Bach revisto à maneira do pós-Romantismo
Os Two Pianists, duo constituído pelo português Luís Magalhães (natural de Famalicão) e pela sul-africana Nina Schumann apresenta-se na noite de quarta-feira, dia 1, no Theatro Circo de Braga para um recital intitulado 'Recomposições e Cruzamentos', inserido no ciclo 'Lições de Piano' daquela sala.
Do programa desta noite consta apenas uma obra, mas ela ocupa por si só quase 80 minutos! Trata-se da versão para dois pianos realizada em 1883 pelo compositor lichtensteiniano Josef Rheinberger (1839-1901), conhecido sobretudo pelas suas composições de música sacra e para órgão, das 'Variações Goldberg', de Johann Sebastian Bach (1685-1750), uma obra de 1741 considerada como uma das maiores criações jamais escritas para a música de tecla e um dos cumes absolutos da literatura escrita na forma-variação.
Mas o trabalho de Rheinberger, um compositor conservador dentro da estética romântica, seria revisto três décadas mais tarde por outro conservador pós-romântico, o alemão Max Reger (1873-1916), mas com outro "olho" para as questões ligadas à prática performativa e à receção na sua época da música de Bach. Essa revisão de Reger da versão de Rheinberger seria editada em 1915 e é essa versão que os duos de pianistas geralmente tocam e gravam, por exemplo, o conhecido duo Tal/Groethuysen.
O duo Magalhães/Schumann já gravou esta obra em 2012, tendo o disco sido editado no ano seguinte na editora próprio do duo, a TwoPianists Records.
A versão de Rheinberger é um empreendimento tipicamente romântico pela magnitude das liberdades que toma em relação ao original (de Bach são mais conhecidas as transcrições "românticas" para piano efectuadas por Ferruccio Busoni), transformando grandemente o original (que, não esqueçamos, se destina a um cravo de dois manuais) ao nível das texturas, melodias, harmonias, linhas contrapontísticas, etc.

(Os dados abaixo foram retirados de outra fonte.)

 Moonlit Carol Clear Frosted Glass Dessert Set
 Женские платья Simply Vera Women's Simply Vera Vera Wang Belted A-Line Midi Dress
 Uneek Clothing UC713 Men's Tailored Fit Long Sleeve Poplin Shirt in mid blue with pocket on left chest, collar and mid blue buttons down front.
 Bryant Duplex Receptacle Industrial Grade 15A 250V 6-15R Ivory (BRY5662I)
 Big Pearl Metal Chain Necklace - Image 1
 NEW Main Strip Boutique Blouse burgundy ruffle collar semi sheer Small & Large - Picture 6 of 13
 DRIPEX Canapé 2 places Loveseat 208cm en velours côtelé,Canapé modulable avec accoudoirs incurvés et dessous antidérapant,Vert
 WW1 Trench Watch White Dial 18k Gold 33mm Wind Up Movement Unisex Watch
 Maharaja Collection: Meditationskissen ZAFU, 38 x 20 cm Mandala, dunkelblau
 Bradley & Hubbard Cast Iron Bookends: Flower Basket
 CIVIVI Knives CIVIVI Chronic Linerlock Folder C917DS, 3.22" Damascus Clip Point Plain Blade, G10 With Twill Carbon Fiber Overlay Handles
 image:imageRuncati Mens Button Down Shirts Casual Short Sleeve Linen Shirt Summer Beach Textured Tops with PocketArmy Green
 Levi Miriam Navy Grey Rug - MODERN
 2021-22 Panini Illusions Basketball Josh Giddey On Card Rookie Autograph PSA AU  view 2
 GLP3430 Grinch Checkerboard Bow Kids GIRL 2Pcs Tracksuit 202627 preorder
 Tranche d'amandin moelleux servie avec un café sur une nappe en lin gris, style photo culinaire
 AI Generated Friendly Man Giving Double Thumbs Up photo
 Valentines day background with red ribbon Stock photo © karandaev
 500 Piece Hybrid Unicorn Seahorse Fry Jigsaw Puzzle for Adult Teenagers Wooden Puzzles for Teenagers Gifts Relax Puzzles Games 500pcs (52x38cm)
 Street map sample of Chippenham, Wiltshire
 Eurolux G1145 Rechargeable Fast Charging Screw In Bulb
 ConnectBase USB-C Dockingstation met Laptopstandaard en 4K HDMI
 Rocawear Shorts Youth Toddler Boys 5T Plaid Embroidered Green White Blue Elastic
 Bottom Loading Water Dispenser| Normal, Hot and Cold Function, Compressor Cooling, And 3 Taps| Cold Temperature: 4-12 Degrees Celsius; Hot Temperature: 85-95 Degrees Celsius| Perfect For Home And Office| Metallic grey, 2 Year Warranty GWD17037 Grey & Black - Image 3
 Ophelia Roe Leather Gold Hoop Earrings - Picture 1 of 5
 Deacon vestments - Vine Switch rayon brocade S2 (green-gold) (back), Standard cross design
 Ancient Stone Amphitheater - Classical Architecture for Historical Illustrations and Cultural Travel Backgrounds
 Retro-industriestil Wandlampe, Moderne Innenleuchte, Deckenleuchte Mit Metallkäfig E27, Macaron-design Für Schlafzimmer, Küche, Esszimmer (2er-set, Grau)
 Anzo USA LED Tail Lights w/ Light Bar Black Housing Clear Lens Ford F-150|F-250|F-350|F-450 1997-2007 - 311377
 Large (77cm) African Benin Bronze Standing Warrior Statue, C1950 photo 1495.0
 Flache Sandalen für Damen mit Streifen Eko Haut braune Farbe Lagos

O trabalho de Reger prendeu-se principalmente com marcações/correções ao nível das dinâmicas, do fraseio e da articulação, com o propósito de aproximar o som da obra daquilo que era o seu entendimento do que seria o som de Bach no piano. O engraçado nesta obra é que ela convida os próprios intérpretes a, em cada vez, reeditarem em certa medida o trabalho efectuado por Reger, mas, naturalmente, com os olhos próprios do século exacto que medeia entre o nosso presente e a data da edição da revisão de Reger. Pelo que também será interessante ouvir em que medida as decisões interpretativas de Nina Schumann e Luís Magalhães emprestaram um perfil distinto - bi-pessoal, dir-se-ia - à obra.